Confirmed participants
  • Dario Taraborelli
  • Cameron Marlow
  • Nitin Bordankar
  • Andrea Wiggins



Despite being easily accessible, open online community (OOC) data can be difficult to use effectively. In order to access and analyze large amounts of data, researchers must first become familiar with the meaning of data values. Then they must find a way to obtain and process the datasets to extract their desired vectors of behavior and content. This process is fraught with problems that are solved (through great difficulty) over and over again by each research team/lab that breaks into datasets for a new OOC. Rarely does the description of methods presented in research papers provide sufficient depth of discussion to enable straightforward replication or extension studies. Further, those without the technical skills to process large amounts of data effectively will often be prevented from even starting work. The result of these factors is a set of missed opportunities around the promise of open data to expedite scientific progress.

In this workshop, we will experiment with strategies -- both technological systems and documentation strategies -- designed to enable our community to more thoroughly reap the benefits of open online data science practice. We will invite participants to attempt the difficult work of breaking into a new dataset using tools and documentation designed to alleviate common difficulties. In the months leading up to the workshop, we will prepare and describe several datasets within an open querying service and invite participants to explore these systems and their functionality through the replication and extension of a selected data-intensive research paper from past CSCW. During the workshop participants will have the opportunity to explore new tools and datasets and to jump start new studies based on our curated documentation and infrastructure. As we observe and interact with our participants, we hope to learn from their successes and struggles and to use these learnings to iteratively improve our tools and documentation protocols.

This work builds on a call to action from a previous CSCW Workshop[1] and ongoing initiatives[2]: to build up shared research infrastructure[3] to support data and method sharing practices. The workshop organizers come from many different backgrounds and have extensive experience with using OOC data, developing infrastructure to support access to and analysis of OOC data, and building communities of practice around OOC research.

We will use this workshop to achieve three goals:

  1. identify common challenges and novel strategies for making open community research easier to replicate and extend -- specifically targeting protocols for documenting research methods (e.g. the ODD protocol[4])
  2. inform the design of data management/analysis infrastructures like Quarry, our experimental open querying service[5]
  3. inform the design of metadata indexes like the Open Collaboration Data Factory's wiki[6]

We also hope to foster a community of practice within CSCW around open data management and plan for next steps towards accelerating scientific progress around the study of computer-supported cooperation just as past workshops have informed our plans for this workshop proposal.

The difficulties of using open online data[edit]

Regretfully, the technical availability of OOC datasets has not been a panacea for the study of socio-technical phenomena in these communities.
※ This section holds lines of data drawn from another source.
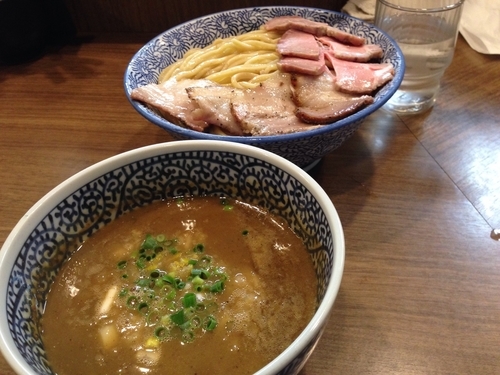 「チャーシュー極濃煮干つけ麺」@煮干しつけ麺 宮元の写真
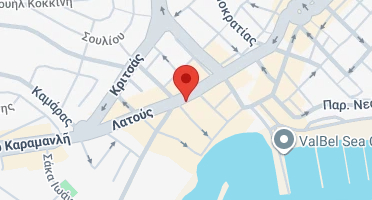 Χάρτης και σημείο της επιχείρησης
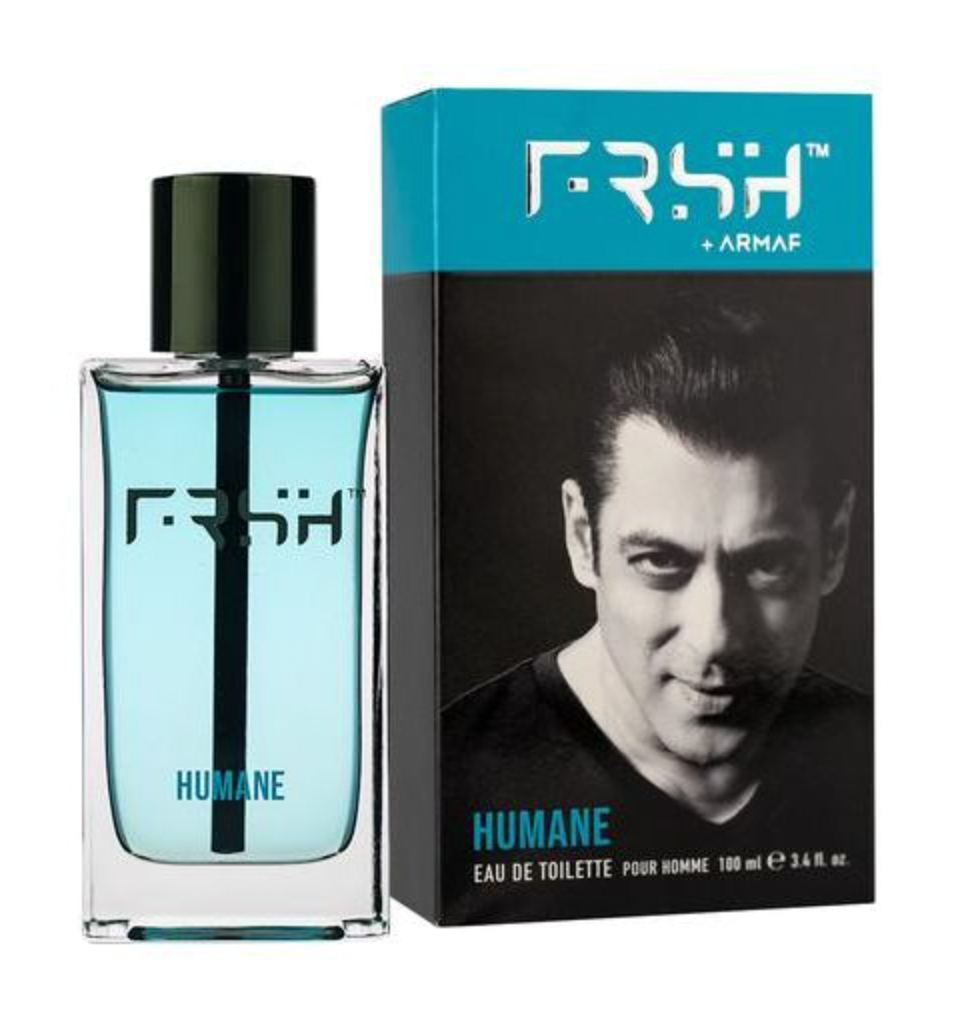 Armaf Fresh Humane 100ML Eau De Toilette Spray for Men - Long Lasting Cologne with Citrus & Woody Notes - Perfect for Daily Wear, Office & Date Nights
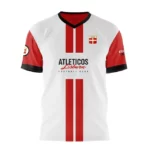 White-Red Home Shirt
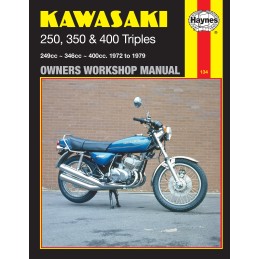 Kawasaki 250, 350, 400...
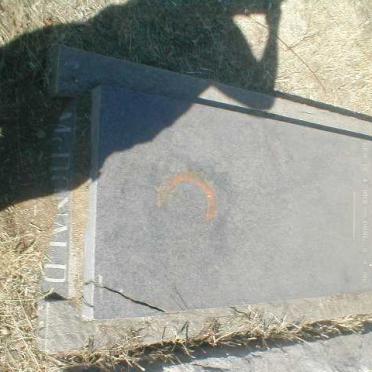 MCDONALD George Edward 1912-1967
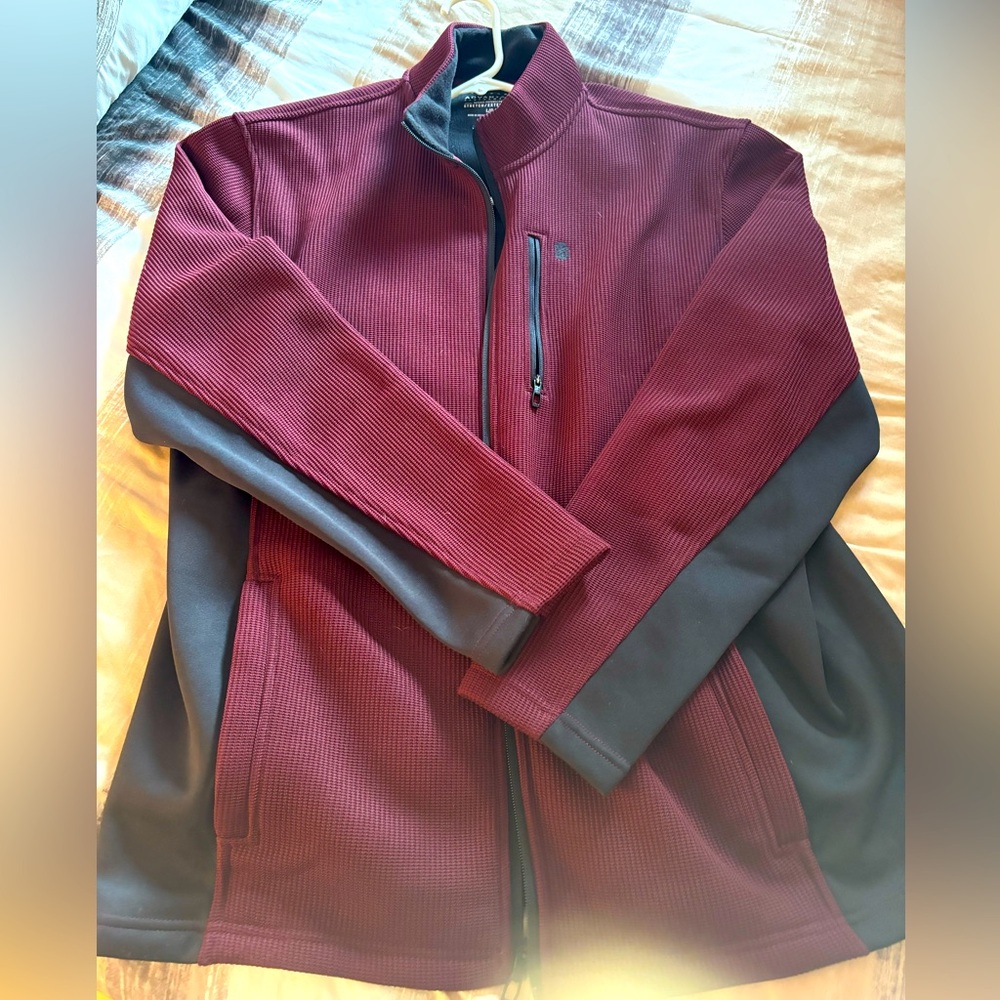 Izod Advantage Performance Zip Up Jacket
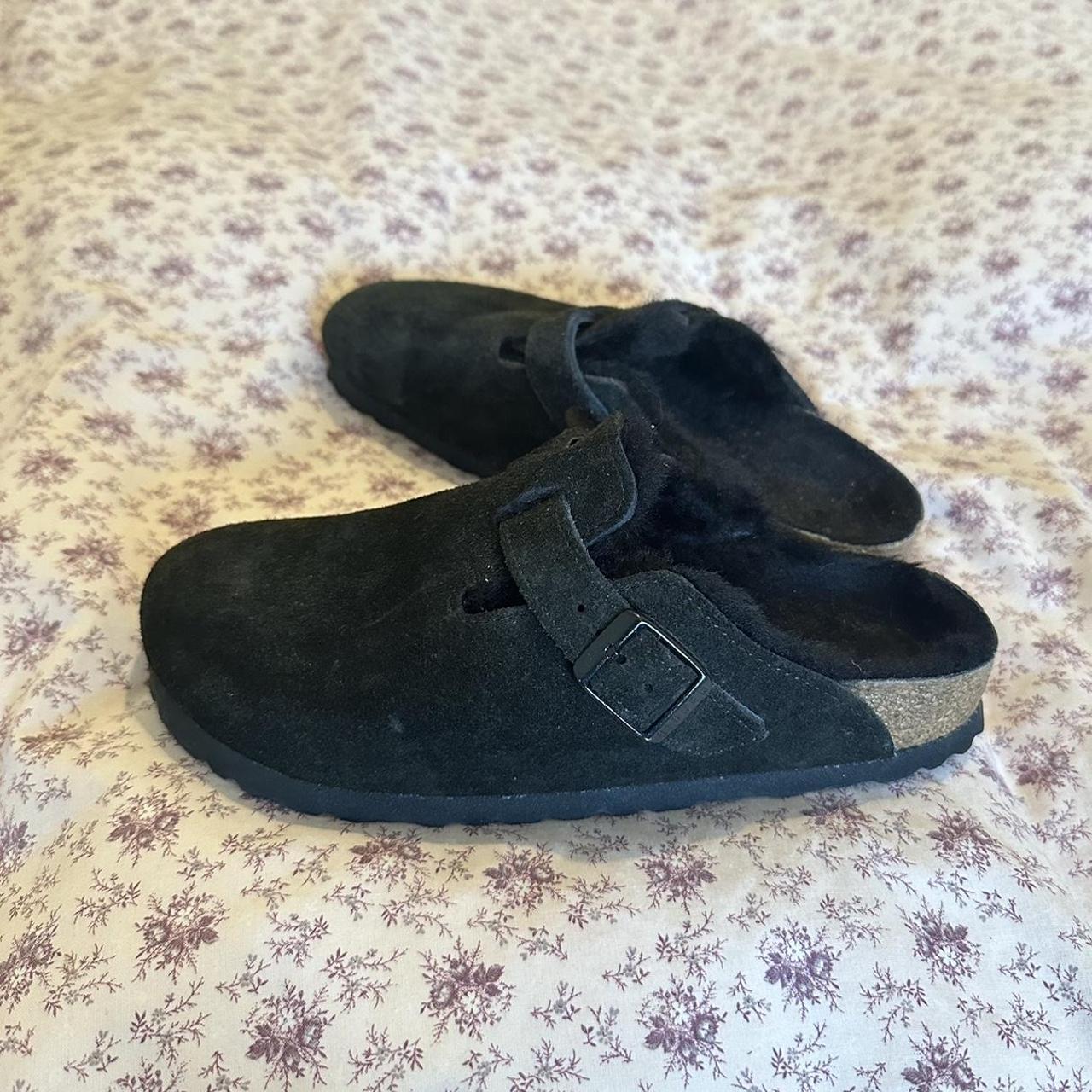 womens fur lined birkenstocks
Based on past research and workshops designed to help us explore OOC data science practices, we have identified three key hypotheses about what makes "breaking into" new datasets so difficult: (1) methods descriptions are often insufficient as a guide to replication & extension, (2) technological literacy bars access to processing large datasets, and (3) inconsistent and poorly indexed metadata prevent discovering what data is available and what the items of a dataset mean.

Methods replication[edit]

OOC research has advanced considerably in the last few decades, but it is still difficult to compare and contrast research findings from different pieces of work. Part of this is due to the very nature of the research; it comes from all sort of fields from information systems (e.g. [7]) to computer science (e.g. [8]) to information science (e.g. [9]) to marketing (e.g. [10]), and is studied in a wide variety of platforms from Twitter (e.g. [11]) to Wikis (e.g. [12]) to question-and-answer forums (e.g. [13]). As a result, different disciplines and different study venues use different language, and different descriptions, making it hard to integrate knowledge gleaned from different origins.

Moreover, the lack of easy translatability between fields and platforms has made the reproducibility of findings very difficult. A researcher in one field may take certain definitions for granted that are not well understood in another field, or at least are not understood in the same way. In other words, it's difficult for a researcher who works with Flickr data to understand how certain concepts are operationalized by researchers who work with blogging data. The field has progressed fine up until this point because there is so much research to do in this space, but it is now time to start to build a cohesive theory of online communities and to create knowledge built on top of other knowledge, and to provide standards that allow different researchers to reproduce each others' findings.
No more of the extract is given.